What happens when we die? I asked my friend Vic yesterday. Vic is my builder and my friend who died last week introduced him to me five years ago. Vic turned seventy while he built my extension. He’s seventy five now. We’ve talked a lot in the years of our friendship, mostly about steel beams and building regs and cement (always so much cement), windows and doors and bricks and type one mot hardcore, plumbing, electrics, his kids, my kid, his grandchildren, his wife’s knee operation, my ex. Seamlessly our conversation changed after building work was complete, we became friends thanks to our friend who died last week.
When I told him on Sunday night that our friend had died, he said he would drive to see me.
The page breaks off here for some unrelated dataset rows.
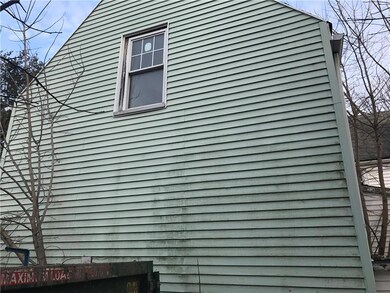 16 Hemlock St, Portland, ME 04102 - photo 7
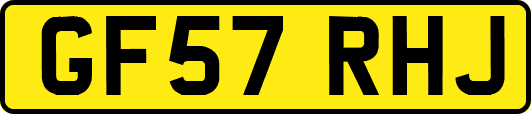 GF57RHJ
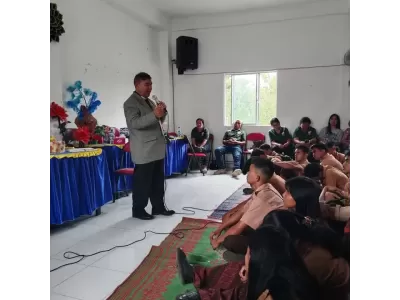 WhatsApp Image 2024-12-06 at 14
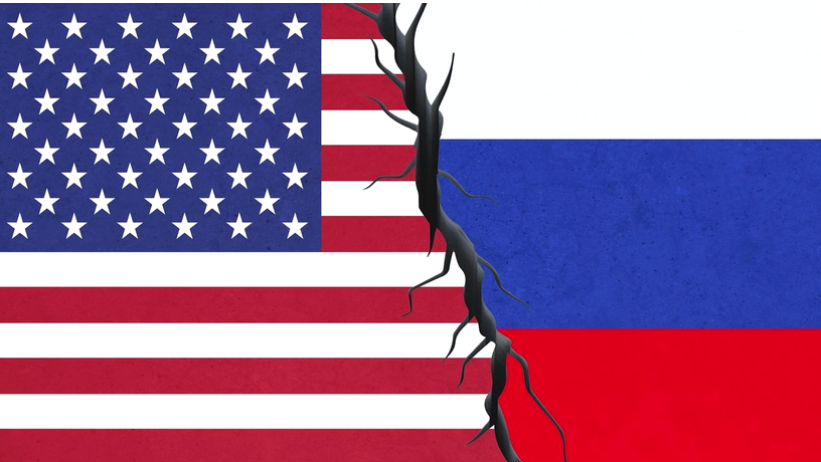 Moscova are doar de CÂȘTIGAT din rezolvarea crizei de la Marea Roșie cu „mână” americano-engleză: „Loviturile împotriva Houthi, apreciate la Kremlin”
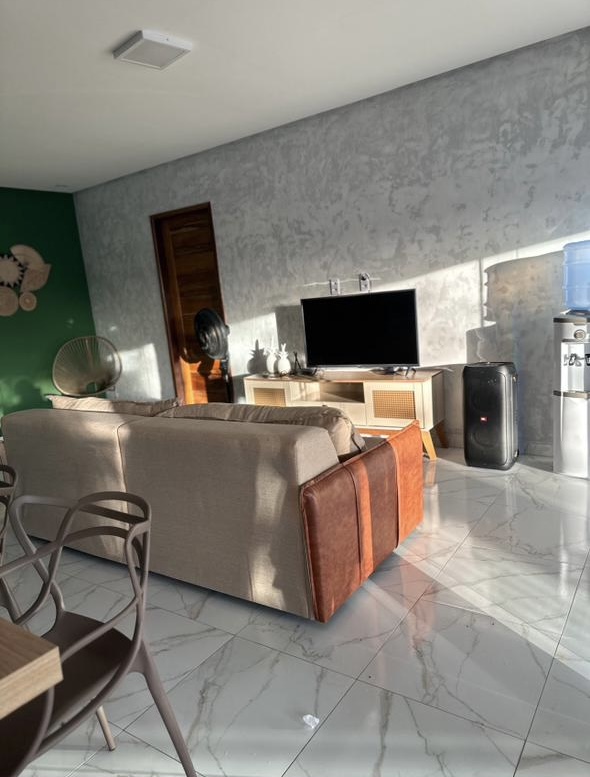 2ac8c64f-b9a3-432f-809e-9fdd24efc3b6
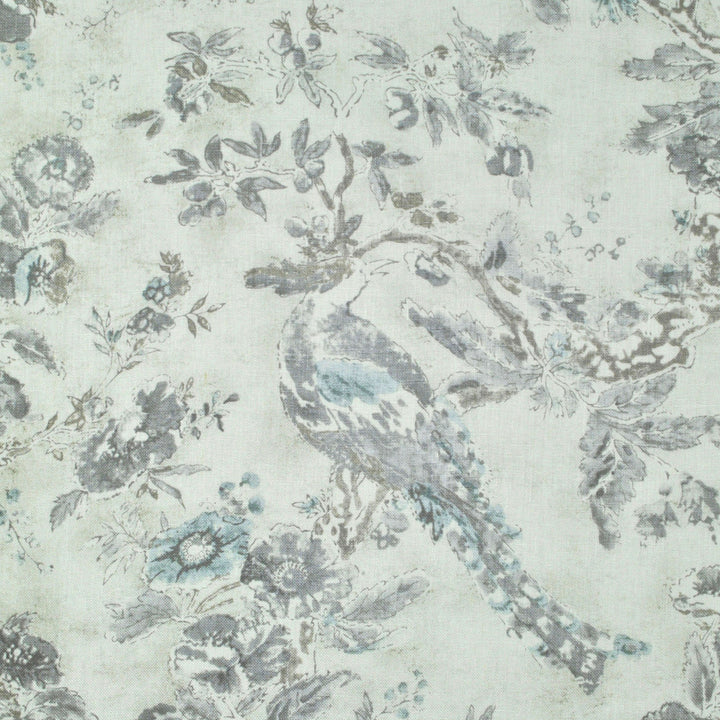Woodward Flint 3 by P Kaufmann Fabrics Fabric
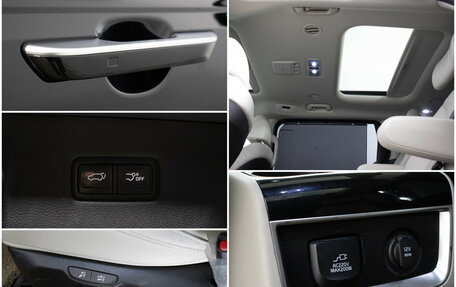 KIA Carnival, 2020 год, 4 520 000 рублей, 17 фотография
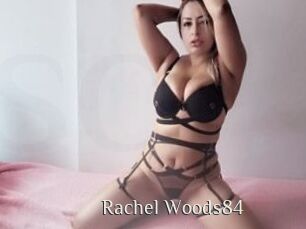 Rachel_Woods84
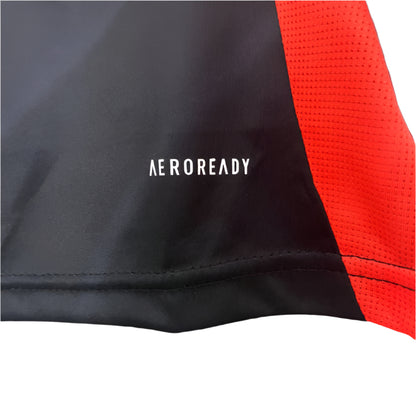 Colombia 2024 Away Kit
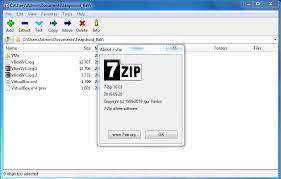 top 15 free and reliable unzip software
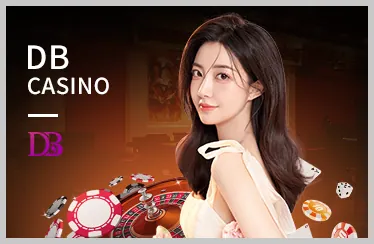 Biểu tượng hỗ trợ khách hàng tận tâm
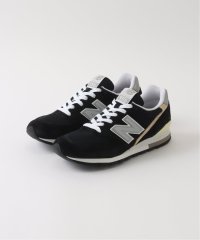 JOURNAL STANDARD/【New Balance / ニューバランス】U996BL/506005665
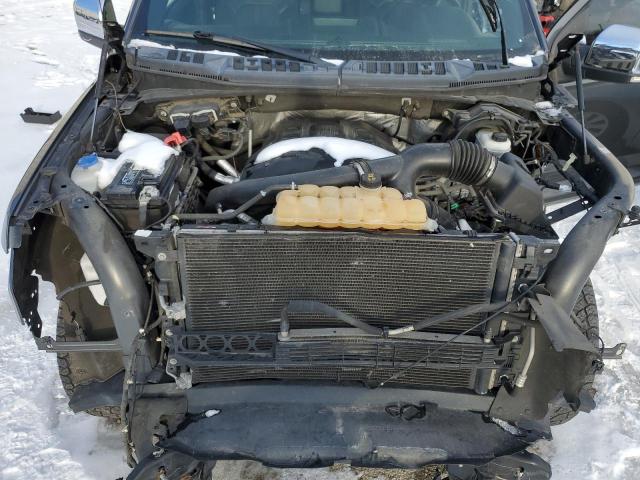 Photo 11 from auction – 2015 FORD F150 SUPER with VIN 1FTEW1EG9FFB59931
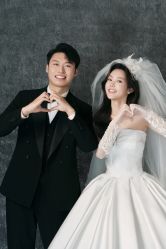 -金夫人婚纱摄影(惠阳店)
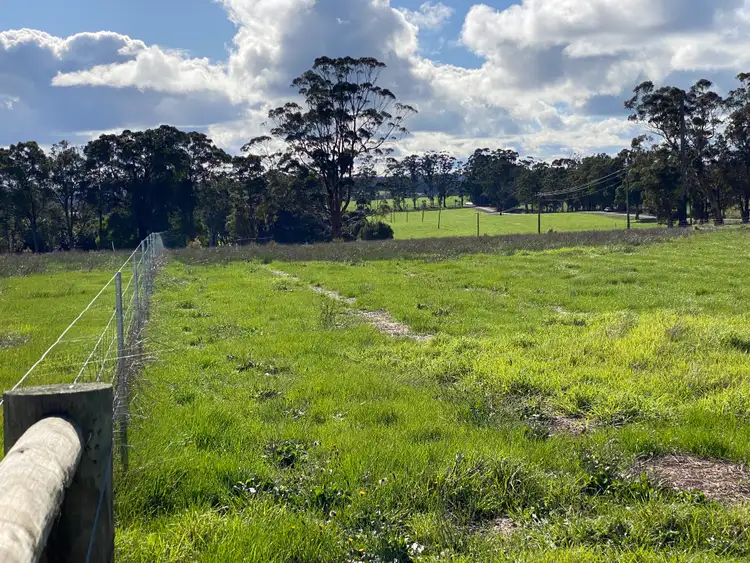Third view of Homely land listing, 286 Golf Links Road, Pemberton WA 6260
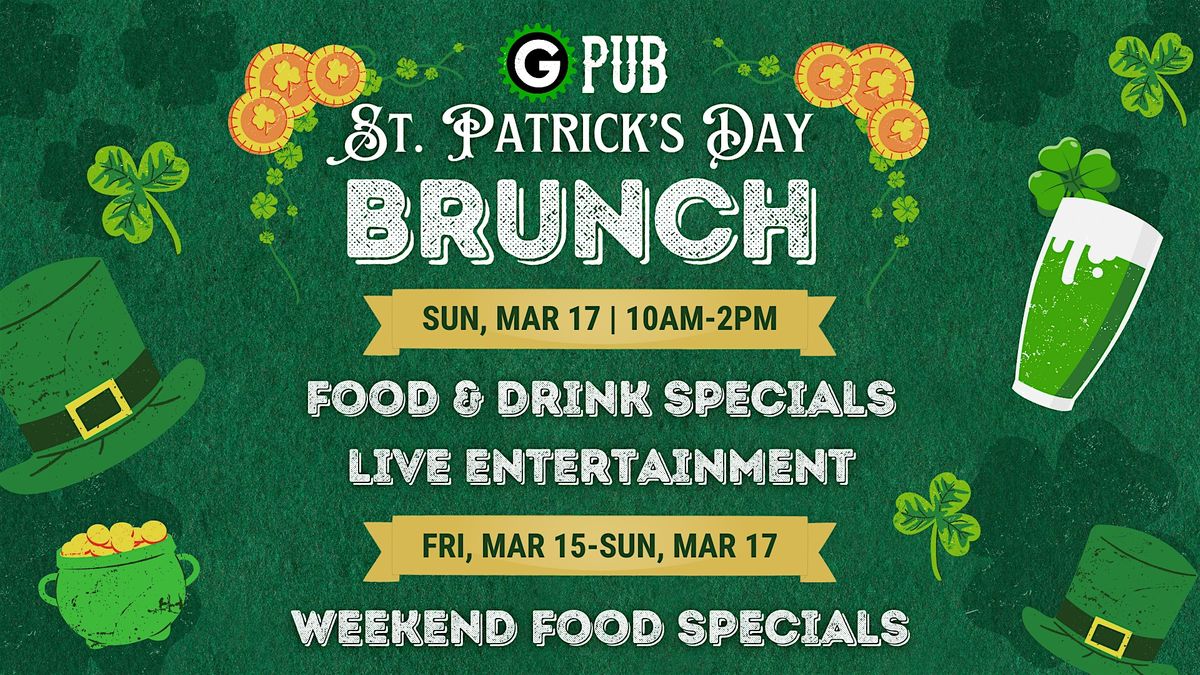 st patricks day plymouth ma 2025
And outside my front door we embraced yesterday lunchtime, there were no words that would adequately express our shock and grief and guilt (our friend ended his own life). But inside, as we sat on my sofa in the kitchen having eaten fried egg sandwiches in honour of our friend, I asked him: what happens when we die, Vic?
He wouldn’t tell me at first. He said I would think he was weird. But I pressed him. I needed to know. I looked at him as if he had all the answers. I was willing to accept whatever he told me in that moment just to make sense of something so senseless that had happened.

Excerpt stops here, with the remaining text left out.